We did one big project together – Mike with the chain saw, and me piling sticks and squirting the stumps with roundup – to clear more of the brush on the top of Indian Grass Point.  Here’s the cleared space.  It’s fun to see places like this change as the savanna plants start to grow back.

I also worked on the steep front of Indian Grass Point.  I’ve been working on clearing it for the last few years, and it’s looking better and better.  Prairie plants – Little Bluestem, Side-oats Grama, Hoary Puccoon, Balsam Ragwort, and Prairie Coreopsis – are all growing on the rocky point.  I spent a few days this week clearing out more brush under the birch trees.  This photo was taken a few weeks ago – of the brush before I started cutting.

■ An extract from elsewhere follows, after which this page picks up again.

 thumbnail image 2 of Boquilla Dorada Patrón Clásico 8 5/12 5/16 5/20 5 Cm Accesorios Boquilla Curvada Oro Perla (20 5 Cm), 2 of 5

And this is after cutting away the brush.  The birches have been girdled, so they’ll start dying soon, and then it will really be a prairie point.

This is a good time of year to cut and poison sumac, so I’ve also been working on some of the huge Sumac areas on Sumac Prairie.  It’s very steep and difficult to walk – I do most of the cutting on my knees.  The area in the foreground is cleared but there’s still plenty of sumac left.

I found some insect holes in the sandy area of Sumac Prairie – they’re about 1/4 inch across, and beautifully built, using cedar needles to line the top edge of the holes.

I think they’re the holes of Burrowing Wolf Spiders (possibly Geolycosa sp.).  I’ll go back in the spring and see if I can find the spiders.